Companies need to embrace the opportunities that shadow IT presents. Bring-your-own-device (BYOD) programs have made employees more productive by allowing them to use personal devices for business matters. Employees can connect from anywhere and use software they understand and can use easily for business, including personal cloud platforms.
Of course, shadow IT brings some very real concerns to mind. Cybersecurity is one of the fastest-growing industries on the planet and for good reason: Data is valuable in the digital age. Seemingly innocuous security flaws can compromise company data and put the personal information of multitudes of people at risk. Shadow IT seems to invite these concerns, but as long as you mitigate the risks, the opportunities presented by BYOD and similar policies should be thoroughly explored.
Shadow IT isn’t going anywhere anytime soon, and employees have come to expect it to some degree. Modern employees also are far more tech-savvy than previous generations and have a better grasp of how they should do their work. Sometimes, shadow IT arises when an employee or a department hasn’t been given adequate resources or tools to complete a project, so they turn to alternative (sometimes unapproved) methods for completing the work. Instead of punishing the employees who do so, take the time to explore the logic behind such choices and see if there is hidden potential for other areas of your company.
It’s important to note that shadow IT will mean very different things to different industries. Companies bound by strict recordkeeping and regulatory obligations may have far less wiggle room when it comes to allowing shadow IT. There should be a line in the sand when it comes to allowing flexibility: If a device, software, application, or service presents a clear conflict with your organization’s compliance requirements, it’s important to stop those instances of shadow IT before something (or someone) compromises your organization.
It might sound risky to implement BYOD policies or offer employees the flexibility to explore software-as-a-service (SaaS) on an individual or departmental basis, but it can uncover serious potential when done with the proper care and caution. When your employees can complete their work in the ways they deem fit, your company’s productivity will increase. Even better, your staff will be far more excited to go to work.
The consumerization of IT is another important factor to consider when it comes to shadow IT and its role in your organization. More companies are finding that employees use consumer-focused technologies for a variety of tasks; in fact, employees in the same department may use very different sets of software, applications, and devices to complete similar work. Modern employees will likely have a more comprehensive grasp than upper management of what their work entails. The benefit of shadow IT isn’t just offering multiple paths to the same goal—it’s affording employees a familiar and effective method of completing work.
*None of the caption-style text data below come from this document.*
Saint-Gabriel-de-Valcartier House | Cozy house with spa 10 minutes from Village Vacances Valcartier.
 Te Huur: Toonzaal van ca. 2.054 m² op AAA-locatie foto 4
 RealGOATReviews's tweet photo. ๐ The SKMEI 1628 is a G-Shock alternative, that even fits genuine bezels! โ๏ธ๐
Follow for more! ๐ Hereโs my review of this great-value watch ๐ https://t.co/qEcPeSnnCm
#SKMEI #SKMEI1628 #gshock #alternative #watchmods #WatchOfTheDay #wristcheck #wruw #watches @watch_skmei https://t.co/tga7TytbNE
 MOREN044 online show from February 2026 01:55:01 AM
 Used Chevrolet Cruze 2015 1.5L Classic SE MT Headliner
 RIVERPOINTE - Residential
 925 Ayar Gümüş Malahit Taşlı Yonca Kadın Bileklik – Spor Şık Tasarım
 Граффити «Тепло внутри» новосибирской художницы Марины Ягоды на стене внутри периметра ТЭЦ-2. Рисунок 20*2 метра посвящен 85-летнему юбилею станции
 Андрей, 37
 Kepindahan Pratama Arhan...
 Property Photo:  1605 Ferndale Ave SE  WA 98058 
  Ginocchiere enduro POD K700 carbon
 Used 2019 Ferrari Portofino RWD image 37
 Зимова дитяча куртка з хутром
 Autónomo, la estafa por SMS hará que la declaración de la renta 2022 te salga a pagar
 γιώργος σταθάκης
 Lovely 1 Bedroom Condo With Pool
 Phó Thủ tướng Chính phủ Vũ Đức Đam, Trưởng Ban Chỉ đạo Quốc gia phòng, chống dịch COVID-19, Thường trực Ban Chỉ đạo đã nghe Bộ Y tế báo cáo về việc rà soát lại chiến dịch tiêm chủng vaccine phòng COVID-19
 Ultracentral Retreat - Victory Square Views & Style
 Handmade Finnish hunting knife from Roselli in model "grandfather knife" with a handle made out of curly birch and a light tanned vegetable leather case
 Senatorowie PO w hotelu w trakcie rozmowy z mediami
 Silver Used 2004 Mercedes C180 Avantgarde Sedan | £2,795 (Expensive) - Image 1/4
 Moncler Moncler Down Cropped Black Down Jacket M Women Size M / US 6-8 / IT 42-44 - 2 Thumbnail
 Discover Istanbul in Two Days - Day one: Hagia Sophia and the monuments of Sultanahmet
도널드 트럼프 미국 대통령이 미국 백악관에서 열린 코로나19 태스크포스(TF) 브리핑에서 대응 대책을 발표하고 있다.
Shadow IT isn’t going away—if anything, traditional IT is morphing to accommodate it. Companies are releasing more consumer products with components specialized for business, because product developers know that many people use consumer-focused technologies for work. Cloud services (including personal ones), social networking, file-sharing applications, and communication tools meant for personal use are finding more of a place in the business world. I believe business leaders need to stop thinking of these instances as inherently bad and embrace them for their productivity potential.
Shadow IT can be disruptive, but disruption is not always bad. In some instances, disrupting an accepted process can uncover new ways of doing things that no one previously considered. You still need to address cybersecurity concerns with foresight and agility when they arise, but the flexibility that BYOD and similar policies afford is undeniable. As more companies move toward digital transformation, I believe forward-thinking business leaders need to encourage flexibility and accept shadow IT as part of the modern digital business age.